Could you copy exactly the lines from the one containing "Cassiopeia Open Back Maxi Dress Pistachio" through the last line of the records, leaving out every picture?

# # # # #

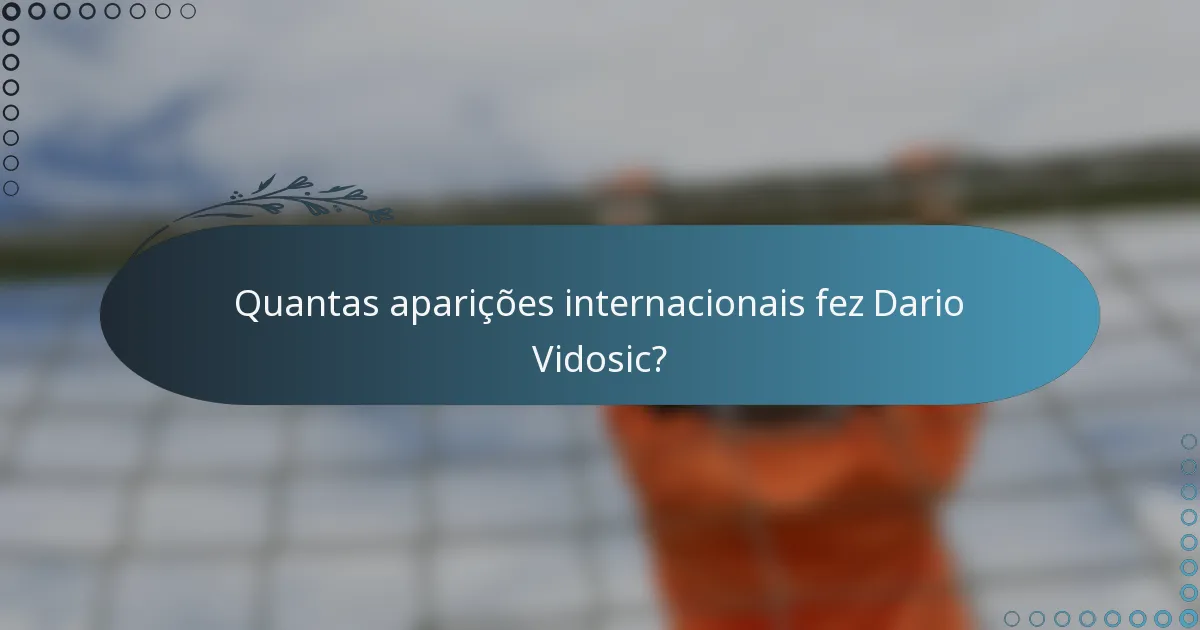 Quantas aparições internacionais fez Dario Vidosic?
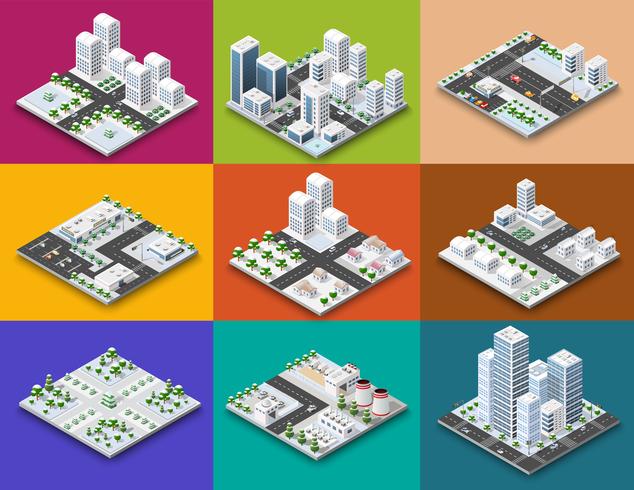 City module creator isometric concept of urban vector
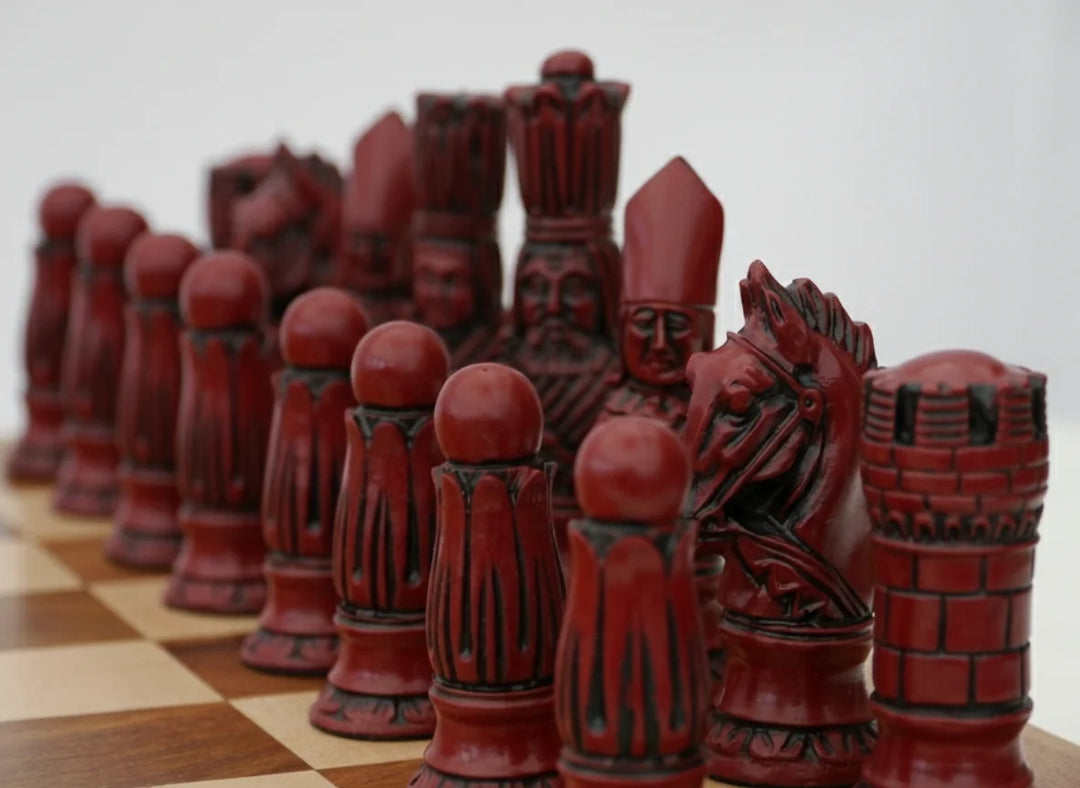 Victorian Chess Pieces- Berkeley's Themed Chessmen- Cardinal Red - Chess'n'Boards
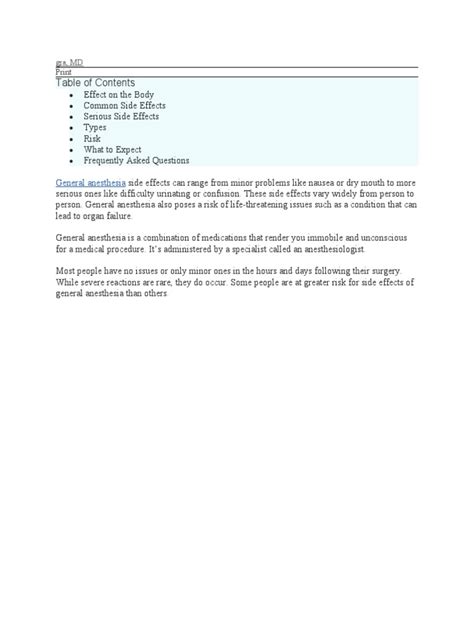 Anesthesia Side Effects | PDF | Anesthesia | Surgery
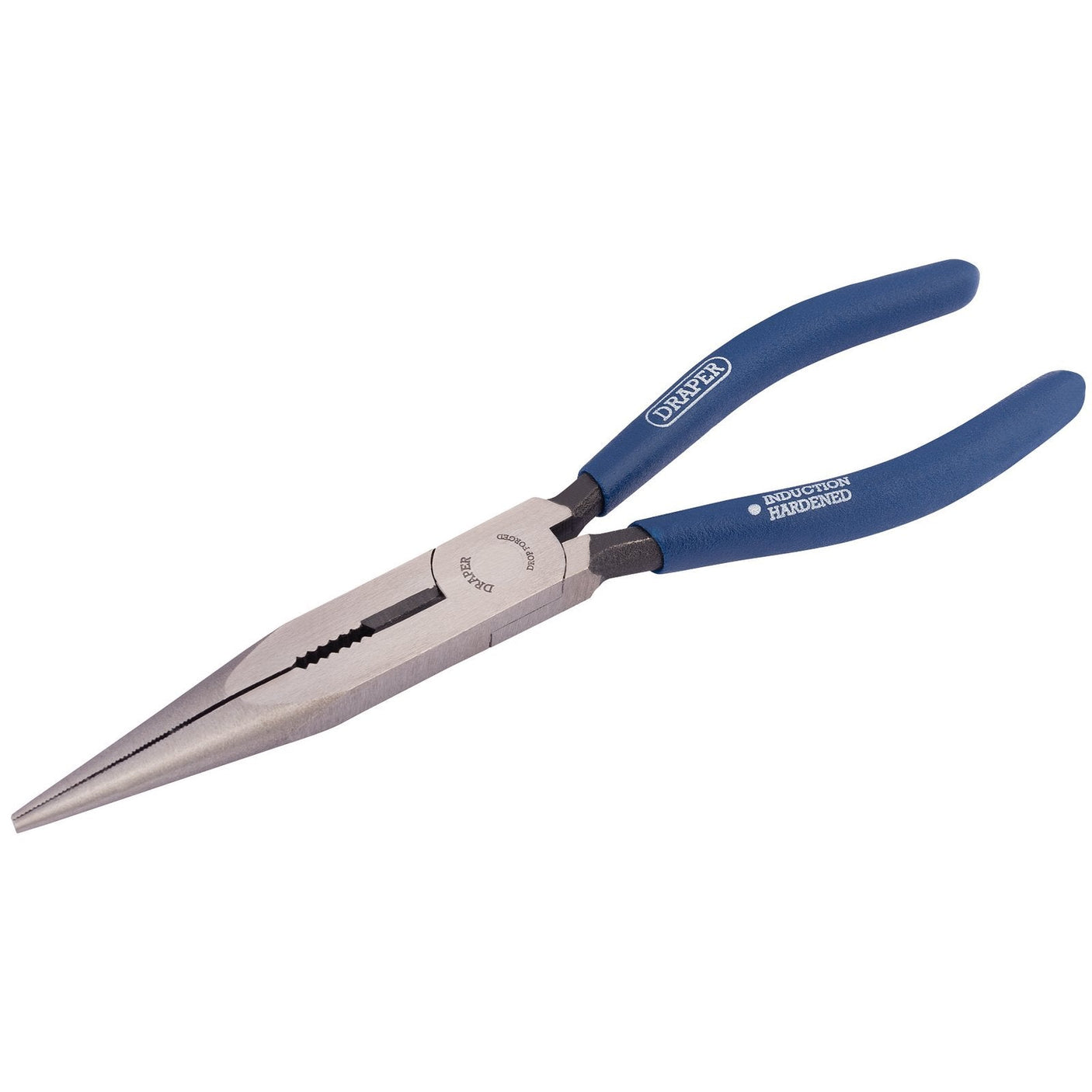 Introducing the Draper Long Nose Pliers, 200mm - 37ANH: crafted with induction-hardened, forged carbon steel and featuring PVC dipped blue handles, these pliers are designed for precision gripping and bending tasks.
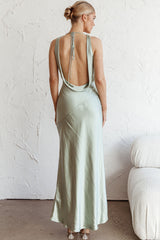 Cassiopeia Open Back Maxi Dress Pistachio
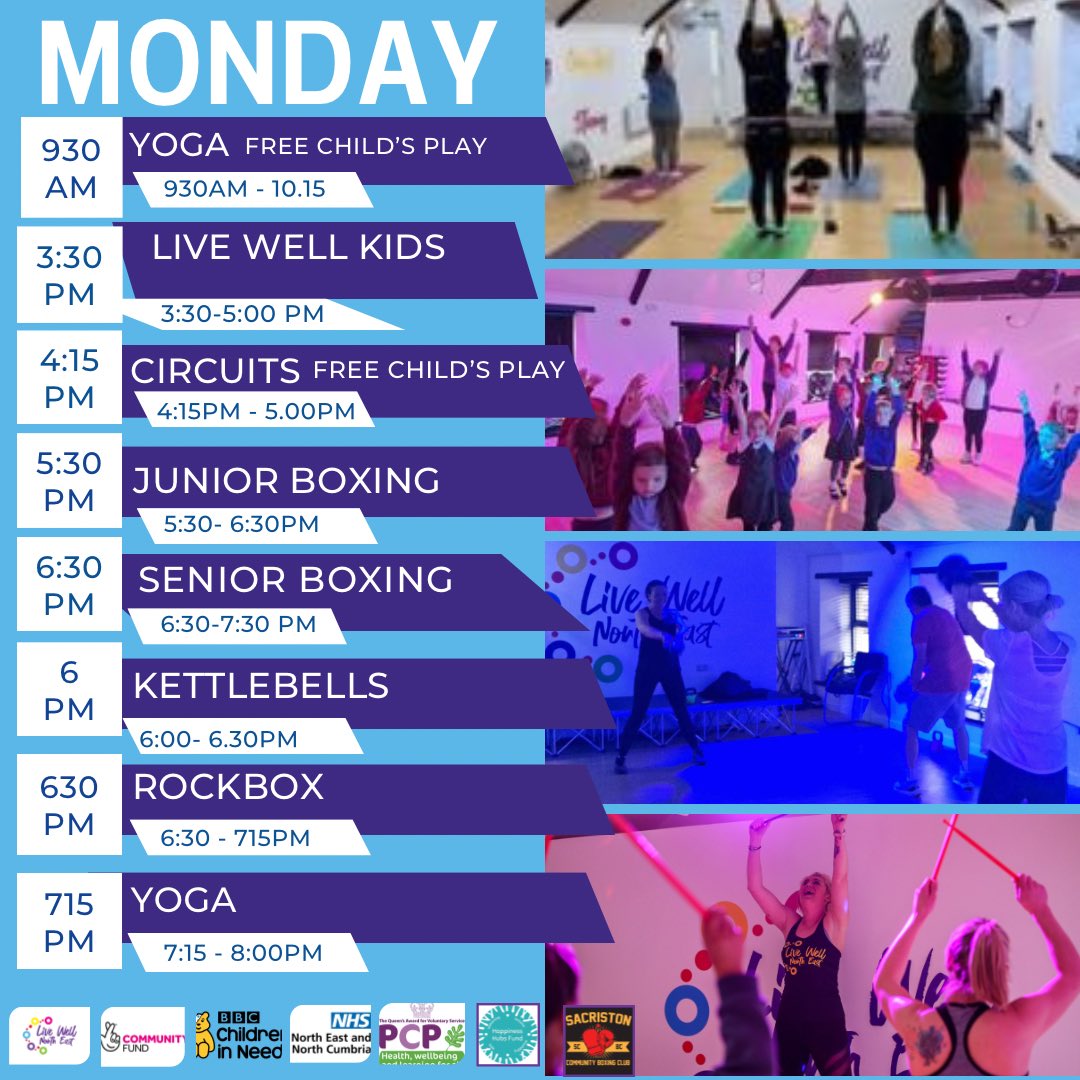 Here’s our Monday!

# # # # #

▶ [Written solution]:
 Cassiopeia Open Back Maxi Dress Pistachio
 Here’s our Monday!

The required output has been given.